GNOME Bugzilla – Bug 141765
unexpected behaviour with gsf_xml_parser_context() and uncompressed files
Last modified: 2004-12-22 21:47:04 UTC
developer reports unexpected behaviour with using libgsf with uncompressed xml files, i.e. http://bugzilla.redhat.com/bugzilla/show_bug.cgi?id=111468 ---forwarded bugzilla report begins--- From Bugzilla Helper: User-Agent: Mozilla/5.0 Galeon/1.2.7 (X11; Linux ppc; U;) Gecko/20030130 Description of problem: Libgsf's gsf_xml_parser_context() function seems broken when used to open an uncompressed xml file. I am working on an application that does the following: 1. initializes the library 2. creates a new gsf input entity using foo=gsf_input_gnomevfs_new() 3. calls gsf_xml_parser_context(foo) 4. does some stuff The problem is that between step 3 and 4, the gsf input entity foo's cur_offset is set to 10. This is does even though no data is directly read by the application.
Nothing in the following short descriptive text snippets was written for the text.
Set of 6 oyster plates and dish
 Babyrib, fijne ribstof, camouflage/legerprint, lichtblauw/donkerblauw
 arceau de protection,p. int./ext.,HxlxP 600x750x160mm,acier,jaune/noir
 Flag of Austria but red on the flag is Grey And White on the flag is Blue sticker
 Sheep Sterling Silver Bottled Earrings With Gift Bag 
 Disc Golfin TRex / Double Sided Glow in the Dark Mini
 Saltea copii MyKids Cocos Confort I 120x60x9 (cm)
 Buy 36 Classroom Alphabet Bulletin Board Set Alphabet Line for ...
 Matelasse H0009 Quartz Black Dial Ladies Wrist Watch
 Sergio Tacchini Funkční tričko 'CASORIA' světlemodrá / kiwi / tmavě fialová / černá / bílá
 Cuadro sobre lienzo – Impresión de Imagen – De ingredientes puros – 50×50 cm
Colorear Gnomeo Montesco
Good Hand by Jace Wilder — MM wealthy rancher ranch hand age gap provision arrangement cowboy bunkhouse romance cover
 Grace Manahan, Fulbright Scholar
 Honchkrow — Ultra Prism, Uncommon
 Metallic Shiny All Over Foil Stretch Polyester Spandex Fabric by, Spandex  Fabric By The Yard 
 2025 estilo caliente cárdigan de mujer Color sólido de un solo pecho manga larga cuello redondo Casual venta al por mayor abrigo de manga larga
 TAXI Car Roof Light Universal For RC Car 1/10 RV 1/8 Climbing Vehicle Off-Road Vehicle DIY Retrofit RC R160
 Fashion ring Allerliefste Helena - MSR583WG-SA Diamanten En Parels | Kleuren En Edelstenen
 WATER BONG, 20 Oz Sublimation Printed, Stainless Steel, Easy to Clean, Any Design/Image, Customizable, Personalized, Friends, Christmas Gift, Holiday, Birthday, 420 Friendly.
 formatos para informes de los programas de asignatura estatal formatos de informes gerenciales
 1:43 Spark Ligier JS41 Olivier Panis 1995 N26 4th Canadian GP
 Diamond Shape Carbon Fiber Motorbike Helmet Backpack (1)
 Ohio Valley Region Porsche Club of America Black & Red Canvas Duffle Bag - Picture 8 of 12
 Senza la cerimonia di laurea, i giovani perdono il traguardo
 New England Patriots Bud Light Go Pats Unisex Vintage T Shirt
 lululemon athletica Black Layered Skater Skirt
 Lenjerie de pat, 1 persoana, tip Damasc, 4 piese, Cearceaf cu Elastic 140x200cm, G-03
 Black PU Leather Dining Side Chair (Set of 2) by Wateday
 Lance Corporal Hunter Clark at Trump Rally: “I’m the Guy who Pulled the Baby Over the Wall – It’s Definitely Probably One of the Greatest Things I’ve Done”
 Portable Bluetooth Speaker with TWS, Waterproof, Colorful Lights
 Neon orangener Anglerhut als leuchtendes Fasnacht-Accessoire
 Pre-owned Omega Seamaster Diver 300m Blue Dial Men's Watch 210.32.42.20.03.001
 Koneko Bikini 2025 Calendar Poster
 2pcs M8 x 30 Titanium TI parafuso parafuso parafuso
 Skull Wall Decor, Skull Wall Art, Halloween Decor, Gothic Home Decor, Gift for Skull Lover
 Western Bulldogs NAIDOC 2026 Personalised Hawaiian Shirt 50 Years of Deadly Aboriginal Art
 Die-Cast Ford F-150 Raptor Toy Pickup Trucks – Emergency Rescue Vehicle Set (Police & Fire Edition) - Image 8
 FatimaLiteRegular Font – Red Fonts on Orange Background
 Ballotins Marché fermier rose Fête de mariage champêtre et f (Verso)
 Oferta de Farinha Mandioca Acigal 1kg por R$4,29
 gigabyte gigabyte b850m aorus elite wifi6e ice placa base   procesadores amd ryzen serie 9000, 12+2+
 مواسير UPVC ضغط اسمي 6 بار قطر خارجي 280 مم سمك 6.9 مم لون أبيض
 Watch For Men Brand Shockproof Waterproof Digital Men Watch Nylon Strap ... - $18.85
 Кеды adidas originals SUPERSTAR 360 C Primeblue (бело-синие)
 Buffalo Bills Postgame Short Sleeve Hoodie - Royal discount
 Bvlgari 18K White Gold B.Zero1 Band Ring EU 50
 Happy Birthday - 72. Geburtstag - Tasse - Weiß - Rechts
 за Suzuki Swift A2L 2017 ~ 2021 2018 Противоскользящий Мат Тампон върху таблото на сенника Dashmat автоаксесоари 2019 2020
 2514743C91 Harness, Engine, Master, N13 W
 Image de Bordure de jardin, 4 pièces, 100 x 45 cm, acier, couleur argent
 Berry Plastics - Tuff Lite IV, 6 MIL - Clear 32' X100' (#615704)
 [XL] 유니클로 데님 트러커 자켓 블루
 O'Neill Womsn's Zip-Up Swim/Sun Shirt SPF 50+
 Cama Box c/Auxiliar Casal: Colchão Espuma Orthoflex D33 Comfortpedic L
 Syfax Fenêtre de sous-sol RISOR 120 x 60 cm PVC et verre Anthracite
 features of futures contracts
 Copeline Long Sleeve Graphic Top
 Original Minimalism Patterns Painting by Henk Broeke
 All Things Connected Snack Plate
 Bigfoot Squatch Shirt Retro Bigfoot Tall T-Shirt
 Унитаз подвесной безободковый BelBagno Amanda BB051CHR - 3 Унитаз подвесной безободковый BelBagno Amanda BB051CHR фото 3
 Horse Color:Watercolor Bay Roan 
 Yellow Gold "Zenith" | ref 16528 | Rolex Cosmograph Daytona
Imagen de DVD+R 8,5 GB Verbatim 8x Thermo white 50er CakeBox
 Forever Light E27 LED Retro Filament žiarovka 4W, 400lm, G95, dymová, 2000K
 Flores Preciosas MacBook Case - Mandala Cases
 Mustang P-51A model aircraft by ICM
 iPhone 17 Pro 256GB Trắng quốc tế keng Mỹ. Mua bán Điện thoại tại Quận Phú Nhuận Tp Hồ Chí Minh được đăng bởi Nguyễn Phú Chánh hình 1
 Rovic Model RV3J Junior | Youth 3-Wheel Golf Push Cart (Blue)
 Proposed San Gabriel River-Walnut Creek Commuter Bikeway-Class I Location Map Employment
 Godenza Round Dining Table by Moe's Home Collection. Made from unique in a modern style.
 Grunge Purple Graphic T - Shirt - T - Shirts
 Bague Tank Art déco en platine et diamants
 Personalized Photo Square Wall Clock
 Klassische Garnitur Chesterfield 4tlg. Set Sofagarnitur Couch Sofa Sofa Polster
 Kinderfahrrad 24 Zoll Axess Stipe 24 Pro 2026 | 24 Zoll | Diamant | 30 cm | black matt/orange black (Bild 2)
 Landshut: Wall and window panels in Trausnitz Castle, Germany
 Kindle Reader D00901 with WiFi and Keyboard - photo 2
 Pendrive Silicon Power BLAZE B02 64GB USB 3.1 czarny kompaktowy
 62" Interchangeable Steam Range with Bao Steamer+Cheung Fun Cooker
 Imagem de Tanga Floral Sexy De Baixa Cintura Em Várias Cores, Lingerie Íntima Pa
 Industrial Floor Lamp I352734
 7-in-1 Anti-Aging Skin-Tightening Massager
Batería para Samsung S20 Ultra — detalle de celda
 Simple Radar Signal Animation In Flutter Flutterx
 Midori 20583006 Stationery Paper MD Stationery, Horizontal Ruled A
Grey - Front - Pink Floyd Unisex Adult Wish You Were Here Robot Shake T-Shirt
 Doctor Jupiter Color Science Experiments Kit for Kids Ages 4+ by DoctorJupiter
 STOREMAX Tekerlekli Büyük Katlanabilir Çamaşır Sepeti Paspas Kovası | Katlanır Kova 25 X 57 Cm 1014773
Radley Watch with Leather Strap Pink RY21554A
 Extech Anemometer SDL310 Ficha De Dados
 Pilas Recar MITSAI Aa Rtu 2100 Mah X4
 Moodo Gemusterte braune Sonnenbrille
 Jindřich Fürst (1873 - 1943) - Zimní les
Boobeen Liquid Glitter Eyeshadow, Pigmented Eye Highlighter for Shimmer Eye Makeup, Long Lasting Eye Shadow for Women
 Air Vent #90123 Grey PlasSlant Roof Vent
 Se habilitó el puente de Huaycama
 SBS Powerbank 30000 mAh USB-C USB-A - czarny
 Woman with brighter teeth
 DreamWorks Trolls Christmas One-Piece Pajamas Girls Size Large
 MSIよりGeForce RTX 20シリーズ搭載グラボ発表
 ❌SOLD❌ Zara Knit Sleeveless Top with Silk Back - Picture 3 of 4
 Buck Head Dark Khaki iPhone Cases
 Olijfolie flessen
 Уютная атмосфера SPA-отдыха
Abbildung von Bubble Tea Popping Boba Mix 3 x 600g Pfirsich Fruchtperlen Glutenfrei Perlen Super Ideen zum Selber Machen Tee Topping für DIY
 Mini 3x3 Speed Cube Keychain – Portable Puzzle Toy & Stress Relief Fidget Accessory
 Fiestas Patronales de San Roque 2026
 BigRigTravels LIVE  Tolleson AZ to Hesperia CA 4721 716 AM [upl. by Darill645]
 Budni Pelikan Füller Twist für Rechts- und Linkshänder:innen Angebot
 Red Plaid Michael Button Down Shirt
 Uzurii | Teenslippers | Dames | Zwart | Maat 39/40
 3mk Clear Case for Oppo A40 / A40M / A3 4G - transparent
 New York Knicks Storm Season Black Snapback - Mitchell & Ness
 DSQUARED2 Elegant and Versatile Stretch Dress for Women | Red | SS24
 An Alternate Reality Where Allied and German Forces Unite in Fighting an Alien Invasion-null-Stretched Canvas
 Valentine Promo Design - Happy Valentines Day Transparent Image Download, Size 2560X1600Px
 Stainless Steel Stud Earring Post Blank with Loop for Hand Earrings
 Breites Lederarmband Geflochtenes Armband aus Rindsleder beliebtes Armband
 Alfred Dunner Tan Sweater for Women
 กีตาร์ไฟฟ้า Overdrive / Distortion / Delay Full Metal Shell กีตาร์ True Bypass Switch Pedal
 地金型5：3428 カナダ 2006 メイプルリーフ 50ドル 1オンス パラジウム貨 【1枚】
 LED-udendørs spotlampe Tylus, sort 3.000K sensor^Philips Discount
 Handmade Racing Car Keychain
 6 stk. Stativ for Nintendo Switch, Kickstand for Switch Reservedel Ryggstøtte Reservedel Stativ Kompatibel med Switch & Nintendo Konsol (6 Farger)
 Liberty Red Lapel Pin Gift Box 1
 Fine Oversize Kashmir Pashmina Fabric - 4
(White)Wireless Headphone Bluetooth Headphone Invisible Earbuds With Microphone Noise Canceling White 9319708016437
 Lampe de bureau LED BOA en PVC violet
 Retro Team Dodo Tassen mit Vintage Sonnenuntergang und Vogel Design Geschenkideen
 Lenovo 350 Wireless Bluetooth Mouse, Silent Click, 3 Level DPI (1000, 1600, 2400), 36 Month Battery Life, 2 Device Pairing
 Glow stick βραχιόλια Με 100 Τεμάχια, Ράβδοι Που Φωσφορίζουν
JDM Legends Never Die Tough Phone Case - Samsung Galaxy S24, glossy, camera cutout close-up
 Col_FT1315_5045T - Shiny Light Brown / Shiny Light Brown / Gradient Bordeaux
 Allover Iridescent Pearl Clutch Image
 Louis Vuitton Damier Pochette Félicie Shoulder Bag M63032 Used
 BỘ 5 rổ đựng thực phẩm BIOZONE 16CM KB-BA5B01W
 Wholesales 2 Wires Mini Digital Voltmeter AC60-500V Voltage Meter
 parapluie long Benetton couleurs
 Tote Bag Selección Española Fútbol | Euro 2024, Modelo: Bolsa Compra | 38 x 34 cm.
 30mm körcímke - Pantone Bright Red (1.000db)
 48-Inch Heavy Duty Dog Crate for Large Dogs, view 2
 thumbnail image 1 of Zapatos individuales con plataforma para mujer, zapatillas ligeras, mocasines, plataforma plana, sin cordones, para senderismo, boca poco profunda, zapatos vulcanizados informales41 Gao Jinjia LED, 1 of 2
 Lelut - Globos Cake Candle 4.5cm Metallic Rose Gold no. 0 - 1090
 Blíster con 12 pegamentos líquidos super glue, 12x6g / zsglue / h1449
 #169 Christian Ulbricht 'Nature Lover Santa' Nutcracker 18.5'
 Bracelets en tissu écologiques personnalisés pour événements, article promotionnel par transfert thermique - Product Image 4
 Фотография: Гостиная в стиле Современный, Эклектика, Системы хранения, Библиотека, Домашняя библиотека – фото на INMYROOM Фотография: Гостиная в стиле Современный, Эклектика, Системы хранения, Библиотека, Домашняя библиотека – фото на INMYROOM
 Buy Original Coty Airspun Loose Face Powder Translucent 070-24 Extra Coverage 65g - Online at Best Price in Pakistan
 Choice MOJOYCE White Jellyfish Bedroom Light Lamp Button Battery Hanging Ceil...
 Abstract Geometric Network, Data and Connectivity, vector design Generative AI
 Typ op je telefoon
Since cur_offset is used to calculate the amount of unread data, the result of this is that gsf_input_remaining returns an incorrect value and reading gets mixed up. gsf-libxml.c:gsf_xml_parser_context looks like this: gsf_xml_parser_context (GsfInput *input) { GsfInputGZip *gzip; g_return_val_if_fail (GSF_IS_INPUT (input), NULL); gzip = gsf_input_gzip_new (input, NULL); if (gzip != NULL) input = GSF_INPUT (gzip); else { gsf_input_seek(input, 0, G_SEEK_SET); g_object_ref (G_OBJECT (input)); } return xmlCreateIOParserCtxt ( NULL, NULL, (xmlInputReadCallback) gsf_libxml_read, (xmlInputCloseCallback) gsf_libxml_close, input, XML_CHAR_ENCODING_NONE); } It appears that "gzip = gsf_input_gzip_new (input, NULL);" is what causes the mixed up cur_offset value. This make sense because gsf_input_gzip_new would have to read a few bytes from input in order to determine if the file is valid gzip'ed data or not. So... gsf_xml_parser_context (GsfInput *input) { GsfInputGZip *gzip; g_return_val_if_fail (GSF_IS_INPUT (input), NULL); return xmlCreateIOParserCtxt ( NULL, NULL, (xmlInputReadCallback) gsf_libxml_read, (xmlInputCloseCallback) gsf_libxml_close, input, XML_CHAR_ENCODING_NONE); } ...works fine (but only with uncompressed files of course). Either gsf_input_seek() should be used if gsf_input_gzip_new() fails or gsf_input_gzip_new() should reset the file cursor before failing. Version-Release number of selected component (if applicable): 1.8.2 How reproducible: Always Steps to Reproduce: 1. Load an application that uses gsf_xml_parser_context(foo) into your favorite debugger. 2. Notice that foo->cur_offset is set to 10d after gsf_xml_parser_context is executed on an uncompressed file. Additional info:
As far as I can see this was fixed a while ago in input-gzip. init_zip seeks back to the onset on failure. I suspect the problem was actually different. the gnomevfs backend was broken until recently. It had reversed the sense of the return value for seek, and pretended to fail when it succeeded. I'm going to do a 1.9.0 release later this week with a patch.